[Source data]

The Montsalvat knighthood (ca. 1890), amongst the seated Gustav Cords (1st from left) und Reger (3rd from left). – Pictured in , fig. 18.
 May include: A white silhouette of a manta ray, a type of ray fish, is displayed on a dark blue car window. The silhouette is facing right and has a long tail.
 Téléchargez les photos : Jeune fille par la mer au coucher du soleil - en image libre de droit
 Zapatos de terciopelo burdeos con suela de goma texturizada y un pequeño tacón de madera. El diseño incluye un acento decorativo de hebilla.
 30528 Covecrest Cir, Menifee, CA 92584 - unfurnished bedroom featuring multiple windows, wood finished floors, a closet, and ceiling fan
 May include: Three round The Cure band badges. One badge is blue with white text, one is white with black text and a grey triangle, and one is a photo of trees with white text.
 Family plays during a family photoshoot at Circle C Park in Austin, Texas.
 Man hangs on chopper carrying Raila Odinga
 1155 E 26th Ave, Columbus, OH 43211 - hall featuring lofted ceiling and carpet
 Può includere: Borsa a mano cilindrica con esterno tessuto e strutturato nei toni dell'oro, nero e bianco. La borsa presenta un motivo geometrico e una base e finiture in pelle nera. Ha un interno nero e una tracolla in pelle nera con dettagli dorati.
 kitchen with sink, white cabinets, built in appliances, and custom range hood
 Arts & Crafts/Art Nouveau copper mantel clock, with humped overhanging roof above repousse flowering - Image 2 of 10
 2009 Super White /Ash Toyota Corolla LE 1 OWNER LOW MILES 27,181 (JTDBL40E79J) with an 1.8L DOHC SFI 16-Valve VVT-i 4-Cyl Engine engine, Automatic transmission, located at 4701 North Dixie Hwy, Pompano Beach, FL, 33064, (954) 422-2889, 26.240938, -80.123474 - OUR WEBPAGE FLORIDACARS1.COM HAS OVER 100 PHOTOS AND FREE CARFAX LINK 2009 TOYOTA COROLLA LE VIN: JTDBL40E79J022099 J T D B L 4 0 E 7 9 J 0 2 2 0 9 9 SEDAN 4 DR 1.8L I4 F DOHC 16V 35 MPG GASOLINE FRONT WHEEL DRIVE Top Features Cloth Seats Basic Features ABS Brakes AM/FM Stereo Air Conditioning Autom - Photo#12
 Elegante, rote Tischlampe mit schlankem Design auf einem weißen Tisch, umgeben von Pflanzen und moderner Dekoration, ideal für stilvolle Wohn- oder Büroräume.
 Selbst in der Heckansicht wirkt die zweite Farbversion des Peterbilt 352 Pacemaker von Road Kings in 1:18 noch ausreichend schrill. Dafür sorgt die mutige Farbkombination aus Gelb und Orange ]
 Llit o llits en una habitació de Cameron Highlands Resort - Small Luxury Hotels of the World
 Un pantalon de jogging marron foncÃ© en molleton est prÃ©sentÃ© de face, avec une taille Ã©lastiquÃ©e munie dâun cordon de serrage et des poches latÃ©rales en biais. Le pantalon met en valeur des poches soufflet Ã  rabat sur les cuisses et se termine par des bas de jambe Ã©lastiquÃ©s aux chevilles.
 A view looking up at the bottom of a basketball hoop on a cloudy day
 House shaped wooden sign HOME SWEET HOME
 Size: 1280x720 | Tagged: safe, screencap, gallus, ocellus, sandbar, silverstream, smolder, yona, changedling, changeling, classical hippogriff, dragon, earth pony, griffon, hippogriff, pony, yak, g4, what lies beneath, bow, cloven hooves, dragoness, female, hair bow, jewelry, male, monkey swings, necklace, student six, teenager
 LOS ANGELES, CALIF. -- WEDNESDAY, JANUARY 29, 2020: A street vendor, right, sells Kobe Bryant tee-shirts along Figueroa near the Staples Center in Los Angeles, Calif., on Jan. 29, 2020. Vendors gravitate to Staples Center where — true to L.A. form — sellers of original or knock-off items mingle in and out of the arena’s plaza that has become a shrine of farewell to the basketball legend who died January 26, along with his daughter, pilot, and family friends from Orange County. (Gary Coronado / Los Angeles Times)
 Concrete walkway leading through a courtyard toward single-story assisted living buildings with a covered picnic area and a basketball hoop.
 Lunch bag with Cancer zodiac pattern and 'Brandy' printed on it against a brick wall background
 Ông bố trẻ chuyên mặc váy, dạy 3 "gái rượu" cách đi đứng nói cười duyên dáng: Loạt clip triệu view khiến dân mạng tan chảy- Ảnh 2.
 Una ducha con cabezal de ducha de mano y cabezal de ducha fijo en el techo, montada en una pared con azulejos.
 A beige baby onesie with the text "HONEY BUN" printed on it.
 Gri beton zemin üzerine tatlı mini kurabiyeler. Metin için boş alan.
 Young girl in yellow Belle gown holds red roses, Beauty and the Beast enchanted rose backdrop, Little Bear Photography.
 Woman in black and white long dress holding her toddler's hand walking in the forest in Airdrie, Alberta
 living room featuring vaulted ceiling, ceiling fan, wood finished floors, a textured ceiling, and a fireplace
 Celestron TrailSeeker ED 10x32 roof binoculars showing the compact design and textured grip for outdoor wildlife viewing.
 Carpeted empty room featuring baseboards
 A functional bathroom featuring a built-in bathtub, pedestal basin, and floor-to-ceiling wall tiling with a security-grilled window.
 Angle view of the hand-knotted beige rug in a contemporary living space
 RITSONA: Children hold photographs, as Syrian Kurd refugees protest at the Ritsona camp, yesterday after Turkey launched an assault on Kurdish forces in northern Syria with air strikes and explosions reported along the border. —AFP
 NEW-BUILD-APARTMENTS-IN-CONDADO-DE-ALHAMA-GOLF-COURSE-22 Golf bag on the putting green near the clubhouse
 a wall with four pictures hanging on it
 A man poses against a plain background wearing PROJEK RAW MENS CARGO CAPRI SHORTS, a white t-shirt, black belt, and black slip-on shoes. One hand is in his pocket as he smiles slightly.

• _Exercise instructions_:
Return exactly the lines in the records above, beginning with the one that holds "Angle view of" and ending with the last.

• _Your response_:
 Angle view of the hand-knotted beige rug in a contemporary living space
 RITSONA: Children hold photographs, as Syrian Kurd refugees protest at the Ritsona camp, yesterday after Turkey launched an assault on Kurdish forces in northern Syria with air strikes and explosions reported along the border. —AFP
 NEW-BUILD-APARTMENTS-IN-CONDADO-DE-ALHAMA-GOLF-COURSE-22 Golf bag on the putting green near the clubhouse
 a wall with four pictures hanging on it
 A man poses against a plain background wearing PROJEK RAW MENS CARGO CAPRI SHORTS, a white t-shirt, black belt, and black slip-on shoes. One hand is in his pocket as he smiles slightly.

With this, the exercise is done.